• What to work on
Would you output the lines from the one with "Asprey London Trench Coat" through the last line of the material below, exactly, but without pictures?

*** Input material Section Begins ***

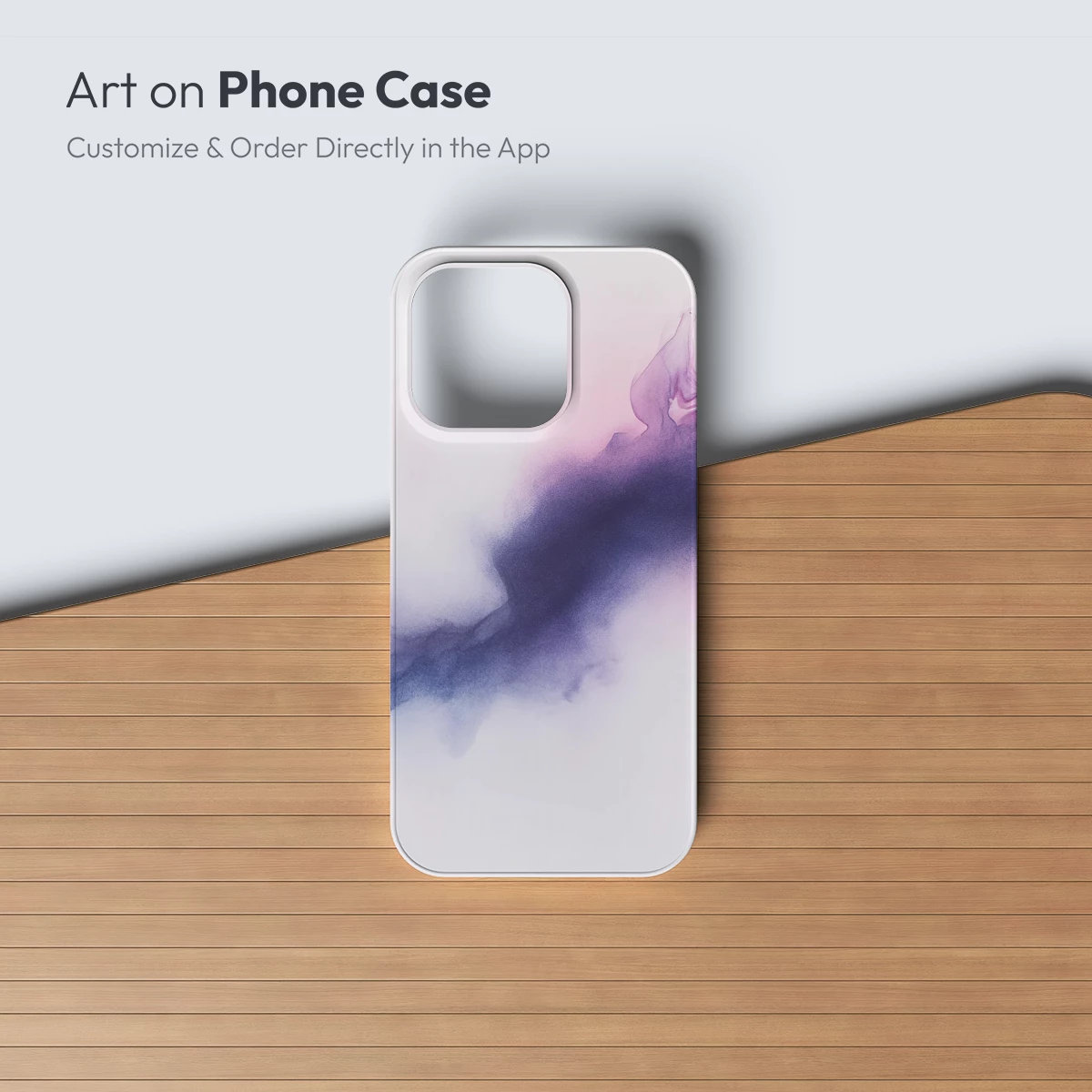 Ethereal Smoke Symphony: Abstract Fluid Art - Image 3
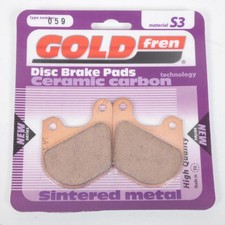 Plaquette de frein Gold Fren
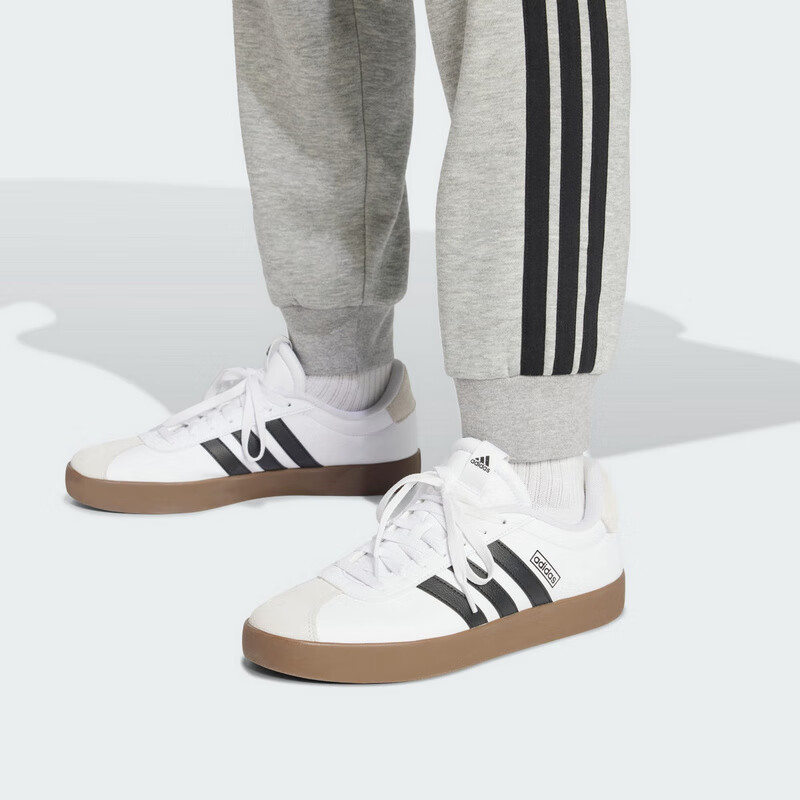 Adidas Men's Sportswear Series M 3S FL TC PT Knitted Pants JE6318 Medium Heather Gray 2XL 5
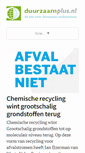 Mobile Screenshot of duurzaamplus.nl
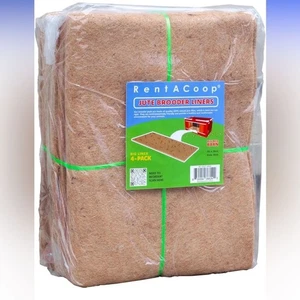 RentACoop Jute Brooder Liners for Big Red Barn Brooder (Pack of 4) - Picture 1 of 5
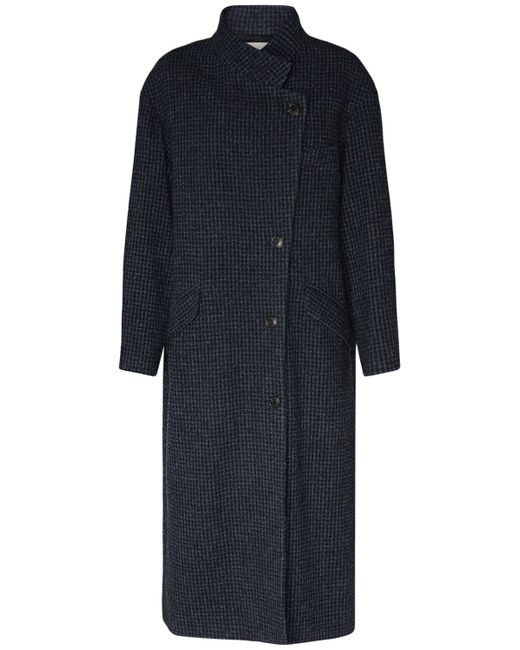 Marant Etoile Sabine Wool Long Coat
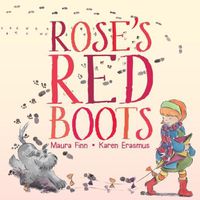 Cover image for Rose's Red Boots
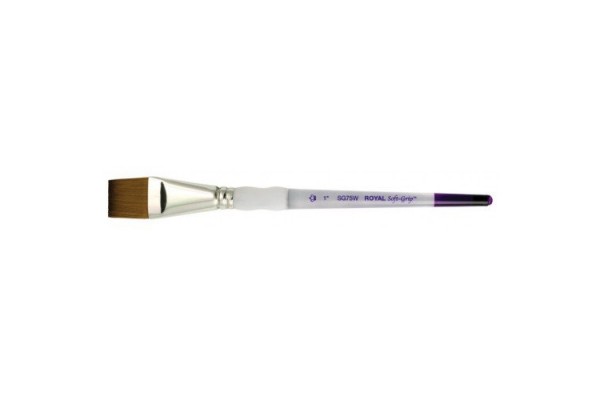 ΠΙΝΕΛΟ ΠΛΑΚΕ Νο 3/4" SOFTGRIP ΑΚΡΥΛΙΚΟ-ΛΑΔΙ-ΑΚΟΥΑΡΕΛΑ SG75W-3/4"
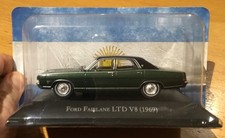 p 348 - Modello scala 1/43 - Automobile FORD FAIRLANE LTD V8  (1969)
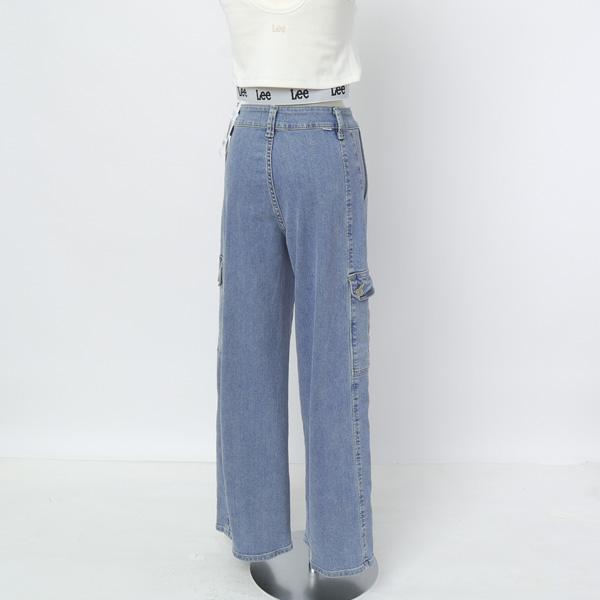 サムシング Something SEA588 LISA CARGO WIDE　リサ　ワイド　カーゴ　パンツ　デニム　ストレッチカーゴパンツ　ワークパンツ_15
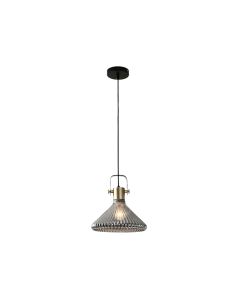 LUMIDECO CLETOM BLACK SUSPENDED LAMPS E27 LUMINAIRES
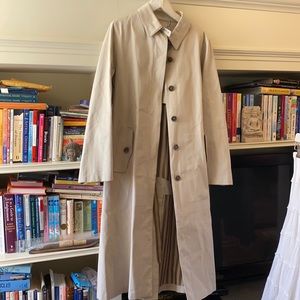 Asprey London Trench Coat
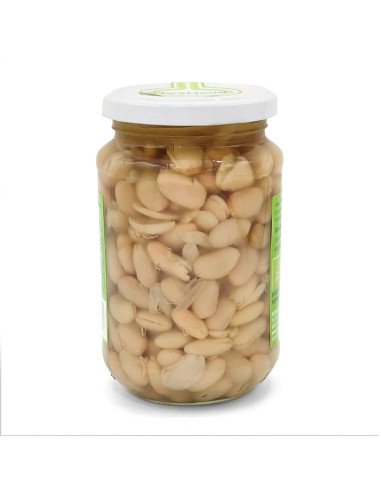 ALUBIAS BLANCAS COCIDAS ECOLOGICAS - 220 g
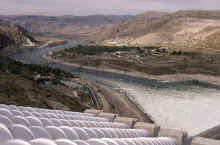 1954 Moses Lake 334 Grand Coulee Dam.jpg (1580070 bytes)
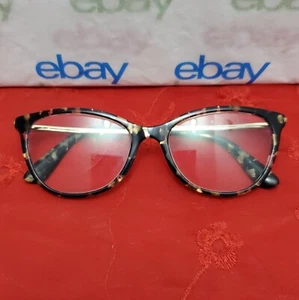 ✅️⭐️ DOLCE & GABBANA DG 3242 911 Cube Black/Gold 52□17 140 Eyeglasses "Frames" - Picture 1 of 24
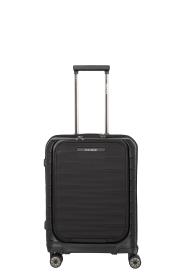 Travelite Mooby S Front pocket Black kufr + kosmetická taštička zdarma
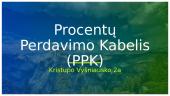 Procentų Perdavimo Kabelis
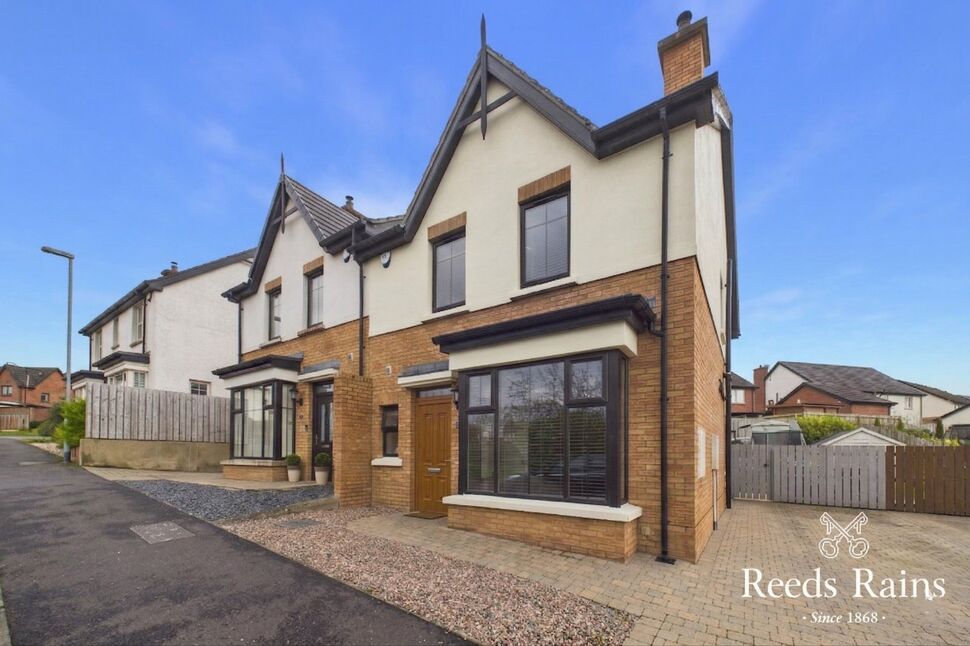 Main image of 3 bedroom Semi Detached House for sale, Bracken Hill Avenue, Ballymaconaghy Road, Belfast, BT8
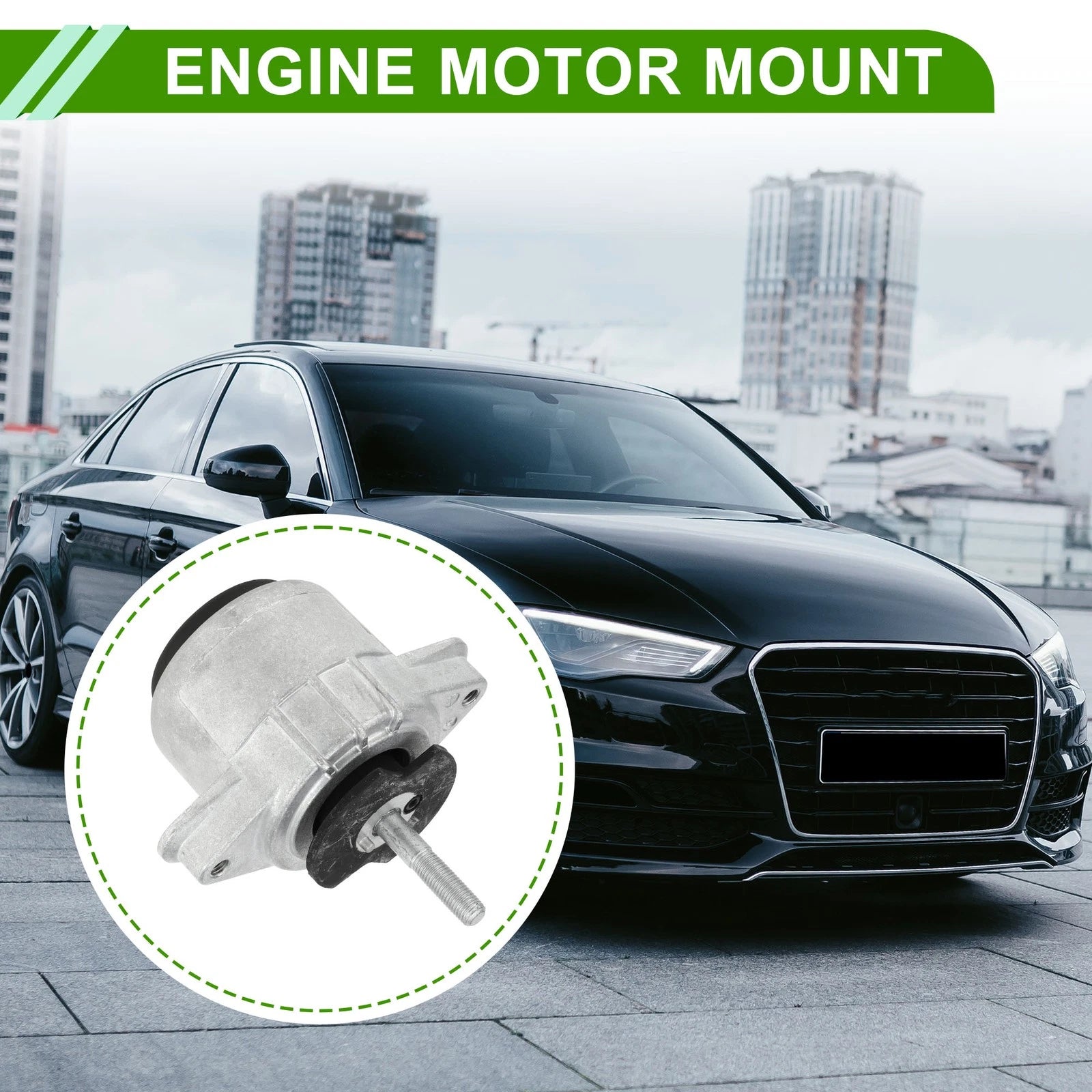 Engine Motor Mount for Porsche Panamera 970 (2010–2016)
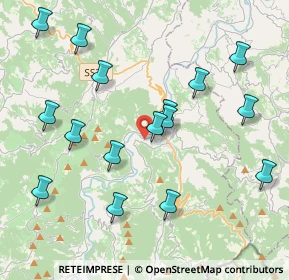 Mappa Via Valle Bormida, 12074 Cortemilia CN, Italia (4.41438)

*** Input material Section Ends ***

• Exercise result
 Asprey London Trench Coat
 ALUBIAS BLANCAS COCIDAS ECOLOGICAS - 220 g
 1954 Moses Lake 334 Grand Coulee Dam.jpg (1580070 bytes)
 ✅️⭐️ DOLCE & GABBANA DG 3242 911 Cube Black/Gold 52□17 140 Eyeglasses "Frames" - Picture 1 of 24
 Travelite Mooby S Front pocket Black kufr + kosmetická taštička zdarma
 Procentų Perdavimo Kabelis
 Main image of 3 bedroom Semi Detached House for sale, Bracken Hill Avenue, Ballymaconaghy Road, Belfast, BT8
 Engine Motor Mount for Porsche Panamera 970 (2010–2016)
 Mappa Via Valle Bormida, 12074 Cortemilia CN, Italia (4.41438)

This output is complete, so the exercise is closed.